The controversial Marcus Garvey and tireless Carter G. Woodson are two other African-Americans looked at, leaders who (like MLK and Malcolm X four decades later) used two different methods to bring the issue of black civil rights to the forefront of national consciousness.
Burns seems particularly interested in the musical, literary, and poetic contributions adorning the American arts in 1920. The Algonquin Round Table comes into focus in the same section as the Jazz age; Dorothy Parker and Franklin Pierce Adams embody the sort of men and women of letters who would meet up at the Algonquin Hotel. Along with Edna Ferber and Frank Case and over a dozen other writers, this New York literary set comes across seeming self-important and extremely smart aleck.
Considering there were over 3,500 strikes that year, 1920 takes some time to look at labor unrest roiling America in the aftermath of World War One and the Treaty of Versailles. A. Mitchell Palmer was prone to look at a lot of the strikers as pawns of the 'red movement' and would embody what mostly was a strike-breaking mentality on the part of public officials. West Virginia's Matewan Massacre was held up as the sort of violent conflict which resulted from the clash between capital and labor in the first year of the 1920s.

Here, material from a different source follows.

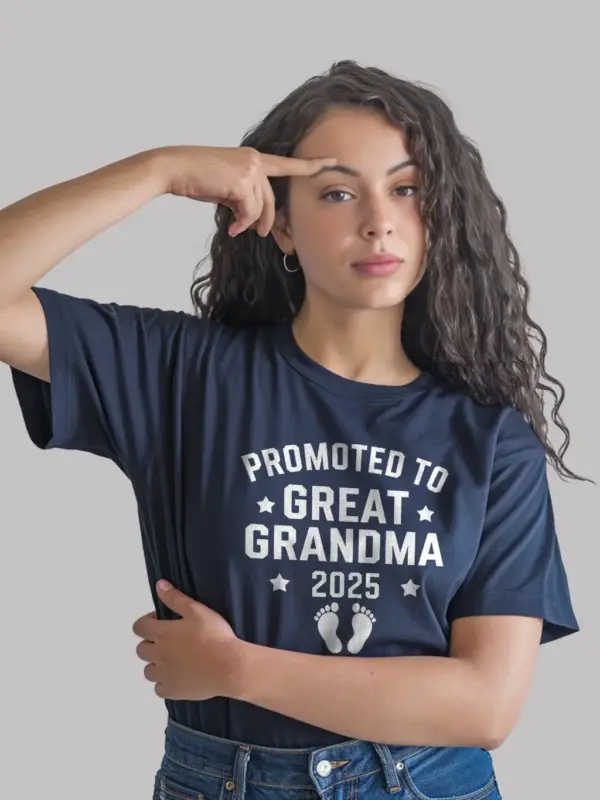 Navy promoted to great grandma est 2025 shirt – grandma baby reveal gift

Although it is a challenge to shoehorn it all merely into 1920 (some spilled over into the years just prior and just after), Burns looks at several issues related to the American presidency. President Woodrow Wilson's health issues in the final year of his administration led to his wife Edith becoming the gatekeeper to her sickly husband. With Woodrow incapacitated, she became an almost acting president of sorts during 1920.
Furthermore, the election that year which brought Warren G. Harding to power would become the first one broadcast over the radio. Harding unfortunately ended up leading a scandal-plagued administration that featured the appalling bilking of Veteran's Bureau funds in the aftermath of a world war. Harding passed away before his four years were out under circumstances which resulted in unsavory rumors being floated. The corruption of his Ohio set, which took place after his inauguration in 1921, was nevertheless included in Burns's study.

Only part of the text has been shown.